- _Work order_: Take the lines below from the one with "If affordable style" through the one with "If you guys" and retype them exactly. Include nothing else, and no pictures.
[Given data]
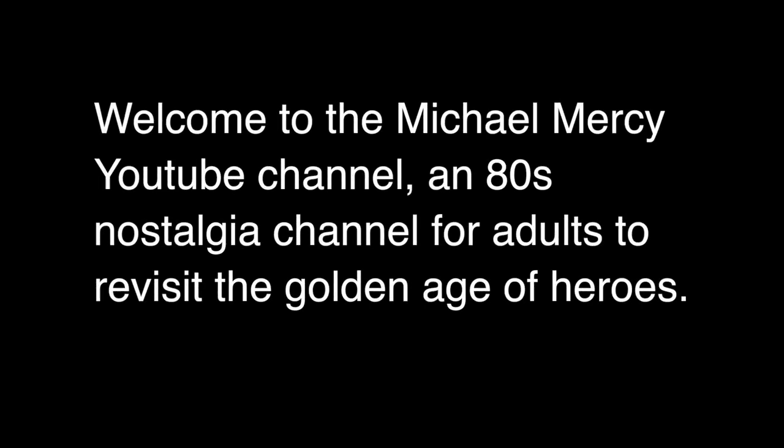Welcome to the Michael Mercy YouTube channel, an 80s nostalgia channel for adults to revisit the golden age of heroes. This is not a children's channel. Kids under the age of 13 should only watch these videos with their parents.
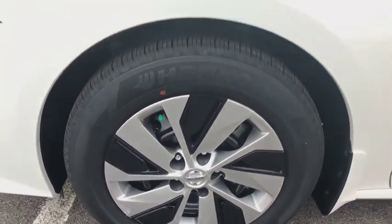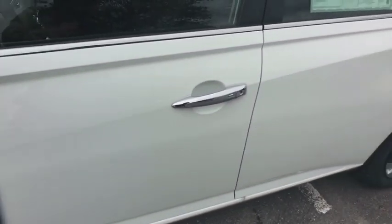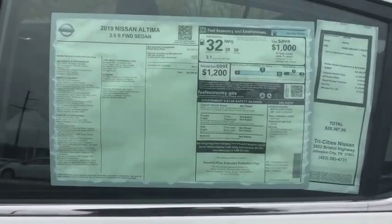If affordable style and reliability are what you're looking for, this vehicle couldn't be more perfect. Drive it today!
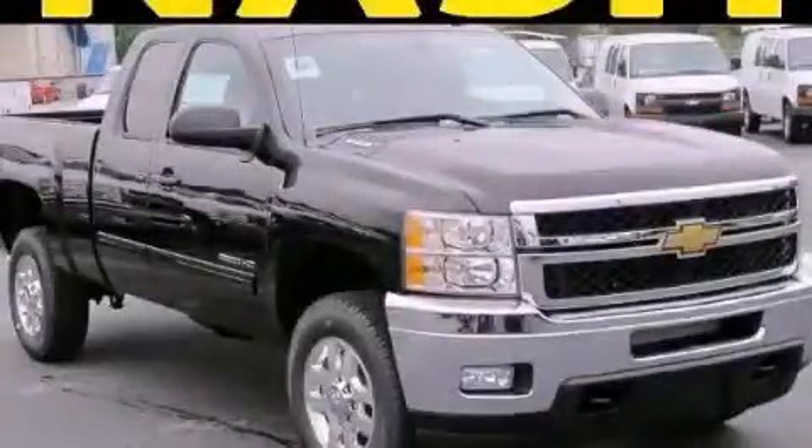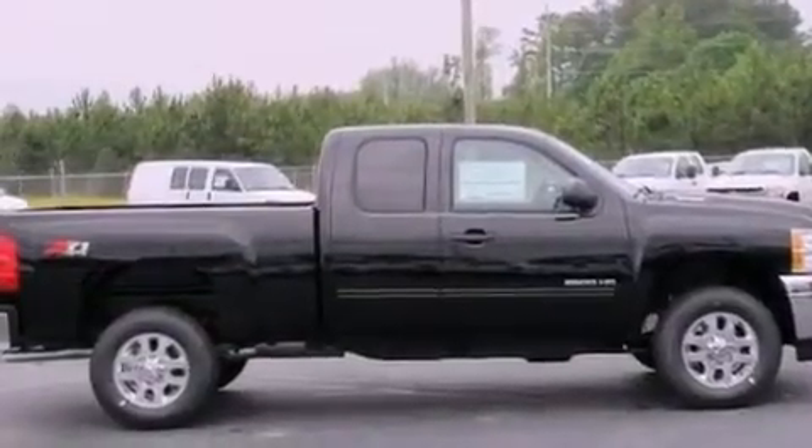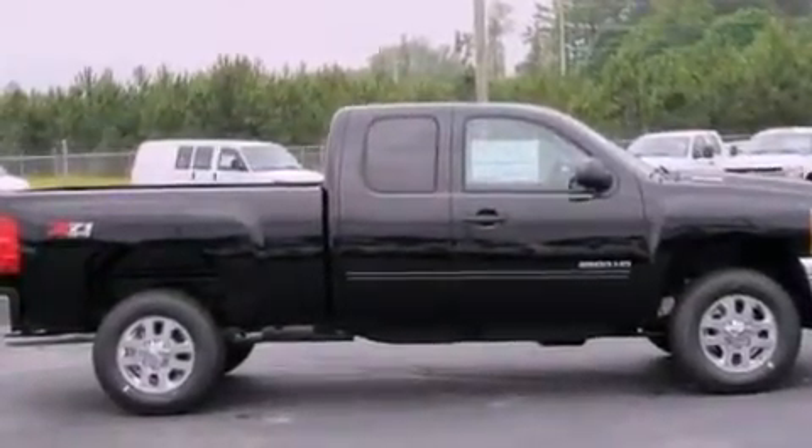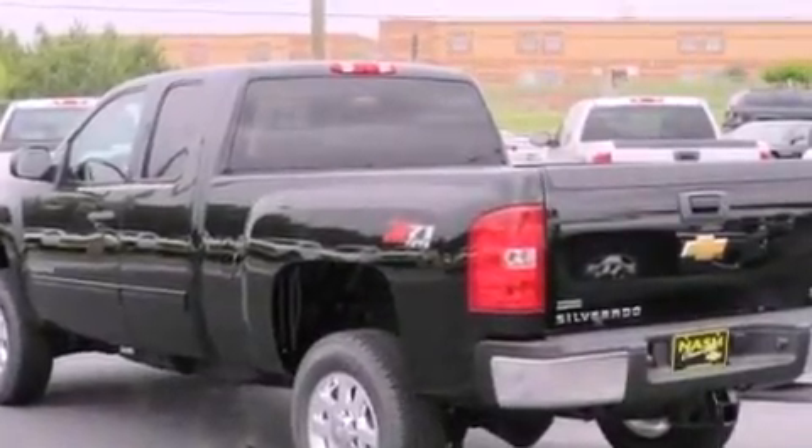This is a brand new 2012 Chevrolet Silverado 2500, made for the job site, the trail, and the town. It features a 6.0 liter, 8-cylinder engine, an automatic transmission, and 4-wheel drive.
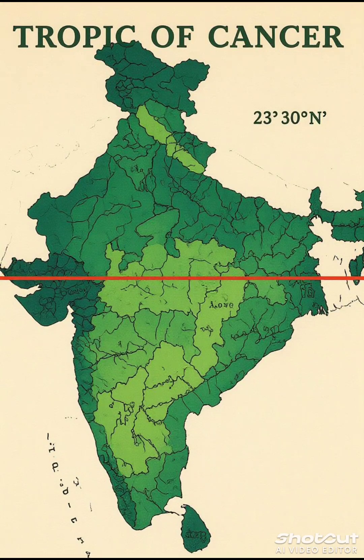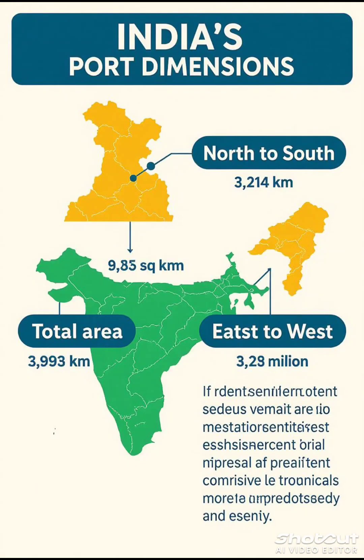The Tropic of Cancer, at 23 degrees 30 minutes north, divides our country into two almost equal parts. India covers 3.28 million square kilometers, making it the seventh largest country in the world, with about 2.4% of the world's total area.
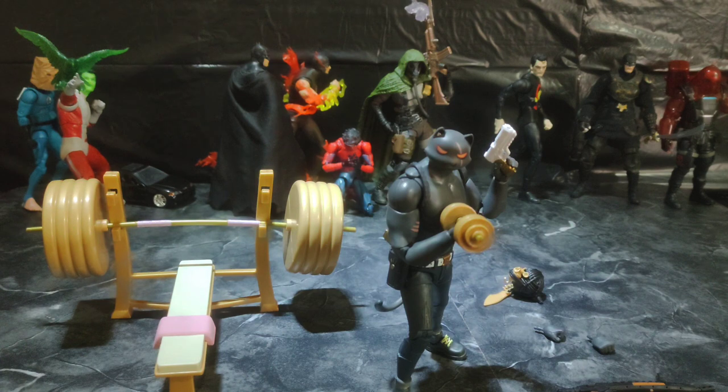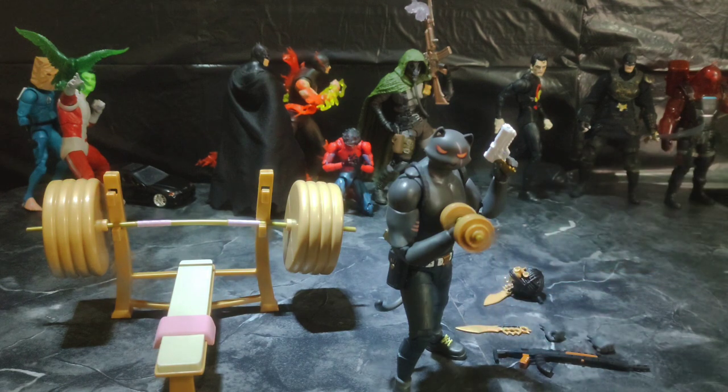If you guys see him, don't sleep on him, man. He's actually really cool. Great articulation, his aesthetic is just wild, and he comes with cool accessories. You really can't miss out once you get him.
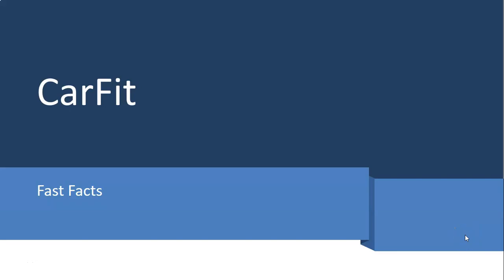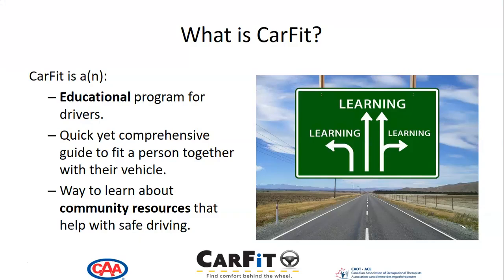Here are some fast facts about CarFit — everything you wanted to learn but didn't have an opportunity to ask. CarFit is an educational program for drivers. It's a quick yet comprehensive guide to fit a person together with their vehicle, and a way to learn about community resources that help with safe driving.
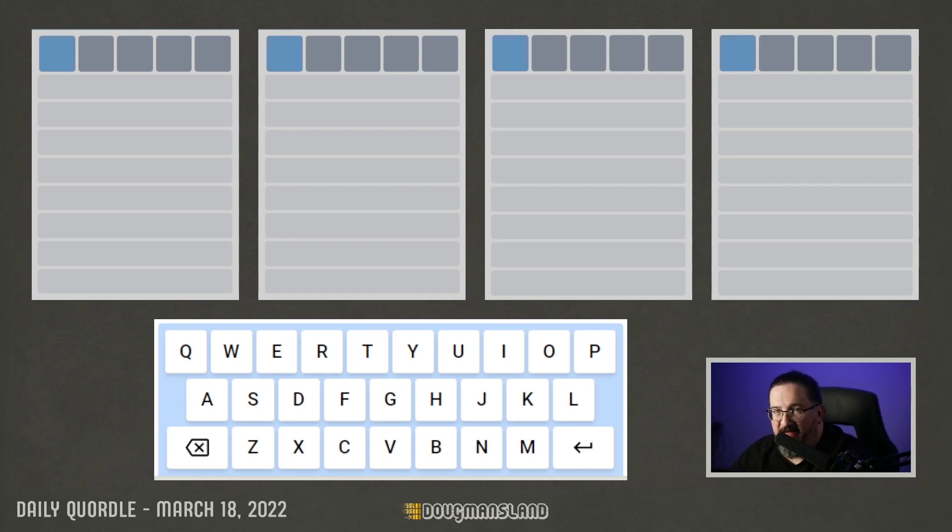Well, hello everyone. It is Friday, finally, March 18th, 2022. I'm Doug.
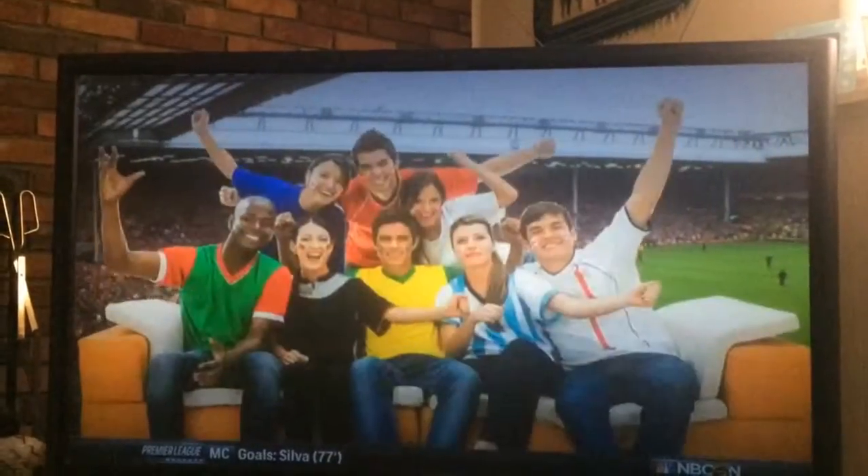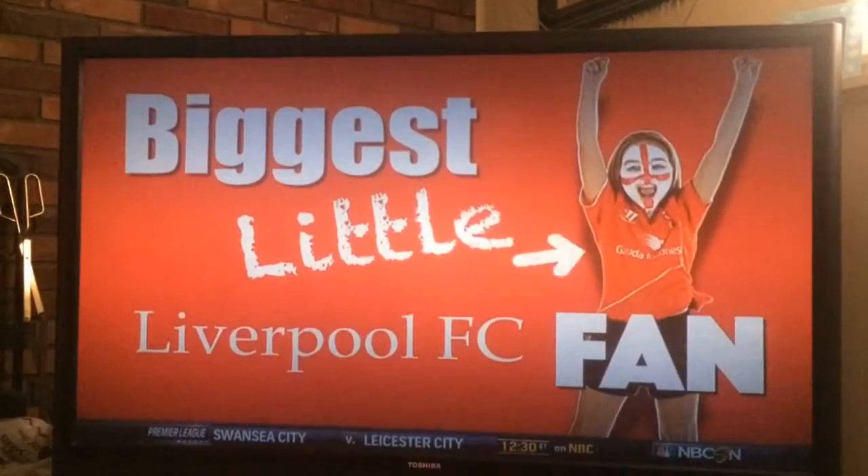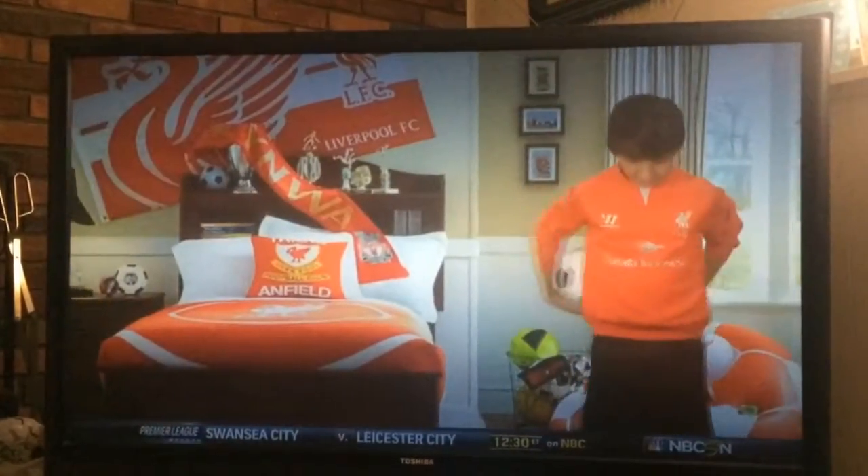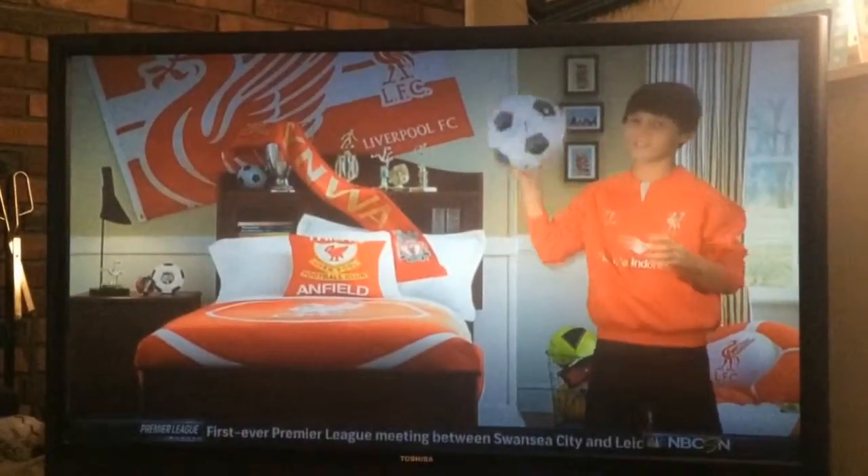Think you're the biggest Liverpool FC fan? Well, we're not interested. We're looking for the biggest little Liverpool FC fan. Lumber Liquidators, the hardwood flooring expert, is giving away an entire kid's bedroom full of Liverpool FC kit.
[/Given data]
- _Answer for the task_:
If affordable style and reliability are what you're looking for, this vehicle couldn't be more perfect. Drive it today!
This is a brand new 2012 Chevrolet Silverado 2500, made for the job site, the trail, and the town. It features a 6.0 liter, 8-cylinder engine, an automatic transmission, and 4-wheel drive.
The Tropic of Cancer, at 23 degrees 30 minutes north, divides our country into two almost equal parts. India covers 3.28 million square kilometers, making it the seventh largest country in the world, with about 2.4% of the world's total area.
If you guys see him, don't sleep on him, man. He's actually really cool. Great articulation, his aesthetic is just wild, and he comes with cool accessories. You really can't miss out once you get him.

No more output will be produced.